Talk to your health professional if you have any concerns.

Glitazones for type 2 diabetes

Glitazones is the name of a group of medicines called thiazolidinediones. Glitazones lower blood glucose levels by helping the body to use insulin better by reducing insulin resistance in the tissues of the body. The glitazones are:

  • pioglitazone
  • rosiglitazone (not available as a single medicine, only in combination with metformin)

These medicines are typically prescribed in combination with other oral diabetes medicines. Pioglitazone can be added to metformin or a sulphonylurea. Rosiglitazone can be added to metformin and is available as a combination tablet (Avandamet).

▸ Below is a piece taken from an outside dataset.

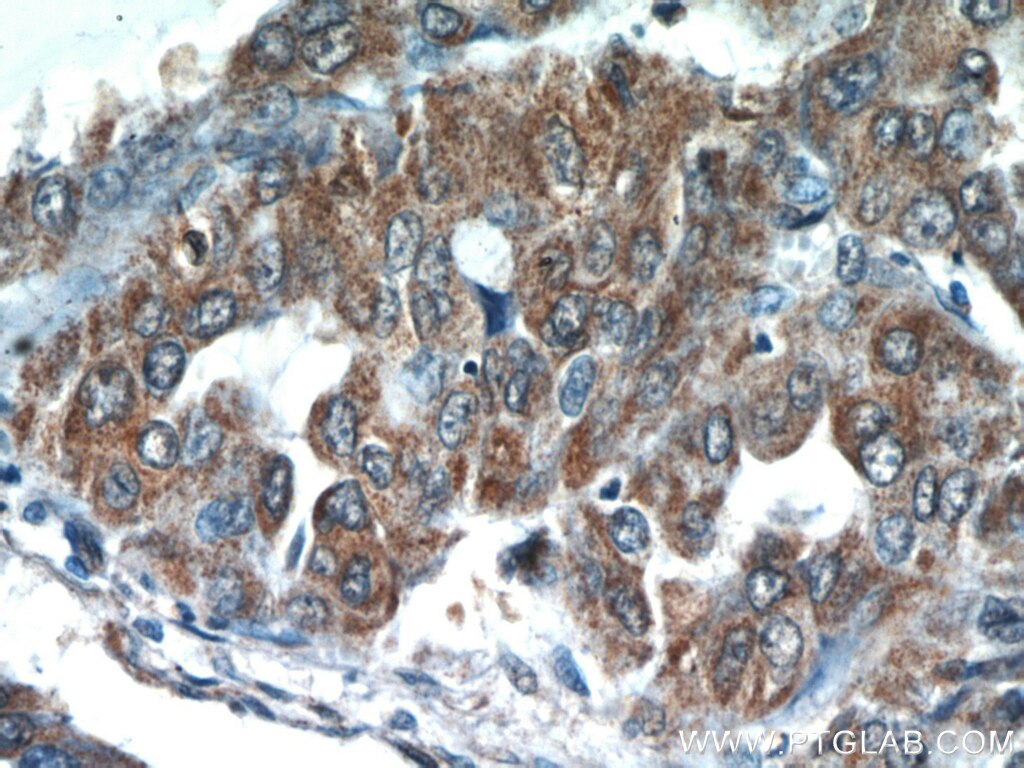 Immunohistochemistry (IHC) staining of human lung cancer tissue using STAT3 Polyclonal antibody (51076-2-AP)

What are the side effects of glitazones?

Glitazones are known to commonly cause:

  • muscle pain
  • water retention and weight gain
  • headaches and dizziness
  • joint pain (arthralgia)
  • hypoglycaemia (low blood sugar)
  • lower iron (haemoglobin) levels in the blood.

Less frequently, bone fractures in women have been linked to glitazones and in rare cases, glitazones can cause heart failure, liver damage and fluid accumulation in the lungs (pulmonary oedema).

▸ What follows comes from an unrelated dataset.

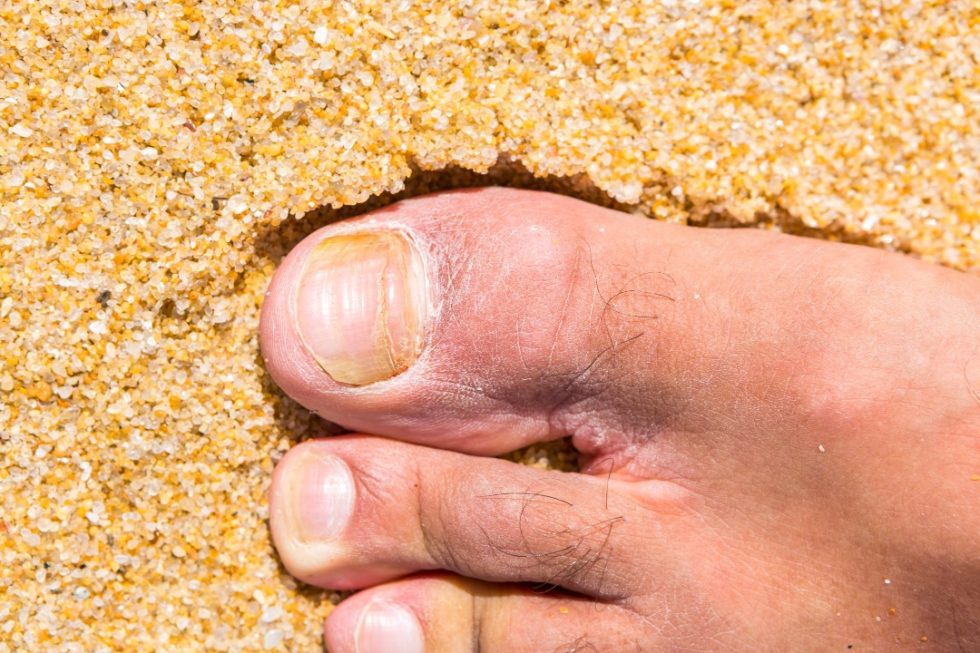 Topical And Laser Combination Therapy For Fungal Toenails Sierra Foot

Rosiglitazone may increase the risk of a heart attack (myocardial infarction), fluid retention in the eye (diabetic macular oedema) that can affect vision, and increased levels of ‘bad’ LDL cholesterol. Pioglitazone may slightly increase the risk of developing bladder cancer when used for more than 1 year.

Talk to your health professional if you have any concerns.

GLP-1 analogues for type 2 diabetes

Glucagon-like peptide-1 (GLP-1) analogues are a relatively new group of medicines that can be prescribed for treating type 2 diabetes. GLP-1 analogues reduce the level of glucose in the blood by increasing the amount of insulin in the blood, reducing the amount of glucose produced by the liver, and helping the stomach to empty more slowly so that glucose is absorbed more slowly. These medicines are given as injections under the skin (a subcutaneous injection) and are available as pre-filled disposable injector pens. A health professional can demonstrate how to use these pens. GLP-1 analogues are injected before a meal, and should not be used after a meal.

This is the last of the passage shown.